PM Plenkovic added that the ruling handed down this summer by the arbitration tribunal in the Croatian-Slovenian border dispute in fact defined the land border in line "with what the Croatian legal team advocated all the time."
PM Plenkovic and Cerar met on Friday in Brussels and agreed that Cerar would visit Zagreb on Tuesday to discuss a solution for the border row.
"We are now in a position in which we have to find some middle ground that will resolve the border issue. If you look at the actual arbitration decision - I'm not saying that I accept it nor that it has any legal meaning for us, however, when it comes to the land border demarcation, in many aspects it follows the basic principle that the Croatian legal team advocated the entire time and that is the cadastre limits," Plenkovic said at the first convention of the Europa Press Club.
Cerar was supposed to visit Zagreb in September but cancelled his visit after Plenkovic's address to the UN General Assembly in New York when the Croatian PM said that "compromising the impartiality or independence of international adjudicators and tribunals, as was the case in the terminated Arbitration Process between Croatia and Slovenia, makes their decisions legally void and left Croatia with no choice other than to withdraw from the arbitration process."
Cerar then said that he would not visit Zagreb until Croatia agreed to discuss the implementation of the arbitration award of 29 June whereas Croatia reiterated that it did not recognise the decision and that the border row should be solved through bilateral talks.

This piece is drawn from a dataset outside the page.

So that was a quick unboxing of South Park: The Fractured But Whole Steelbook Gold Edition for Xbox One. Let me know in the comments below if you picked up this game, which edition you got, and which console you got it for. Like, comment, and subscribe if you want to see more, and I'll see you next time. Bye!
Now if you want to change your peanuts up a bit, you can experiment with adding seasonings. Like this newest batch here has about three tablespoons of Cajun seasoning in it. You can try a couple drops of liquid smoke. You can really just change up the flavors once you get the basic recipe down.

"It is good that Prime Minister Cerar is coming to Zagreb. That shows maturity, good neighbourly and friendly relations between the two countries," Plenkovic told reporters.

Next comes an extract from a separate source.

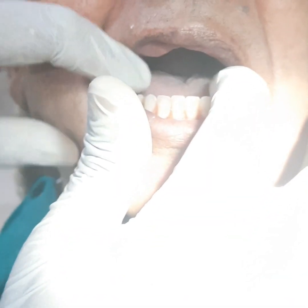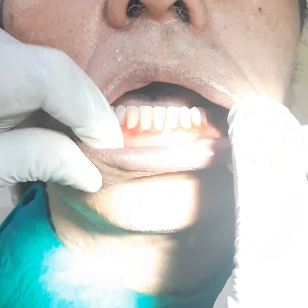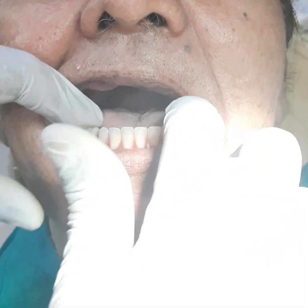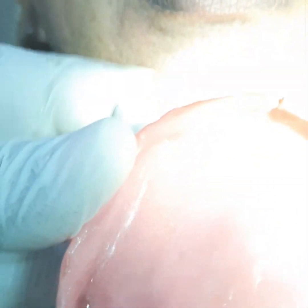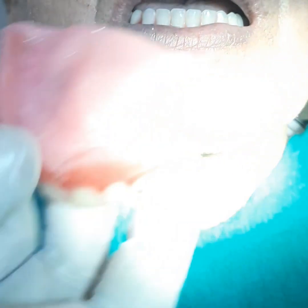Once it is seated into position, you are going to check if there is any interference at the freni region and you are going to relieve that. Likewise, you are going to take the maxillary denture, examine the maxillary denture and its intaglio surface, and then you are going to place it into the patient's mouth.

He underscored that Croatia's stance is that at the moment the two countries require permanent talk, dialogue, cooperation without tension, without any unilateral moves and without incidents. "We need to come closer to a common denominator that we can agree on," he said.
PM Plenkovic considers that all questions concerning the border, not just with Slovenia but Serbia, Montenegro and Bosnia and Herzegovina are more dramatised in public discourse than in real life because, for example, after the arbitration with Slovenia, there is not one house that wishes to remain on the other side of the border.
As far as the sea border in the Bay of Savudrija (Piran Bay) is concerned, there are several aspects, Plenkovic said and underscored that Slovenia did not get what it wanted and that is the so-called "junction" and access to the high seas.
Asked whether access to the Schengen Area depended on the resolution of the Piran/Savudrija bay, and whether Slovenia could block Croatia's access to the Schengen Area until Croatia satisfies Slovenia's demands regarding the border, Plenkovic said that the path to the Schengen Area "is determined by meeting the set criteria."
"A blockade for any reason that is not related to the matter is unacceptable," Plenkovic underscored and added that in the end what is important is to find a long-term solution to the border issue with a final result that has to be the outcome of agreement of the two countries.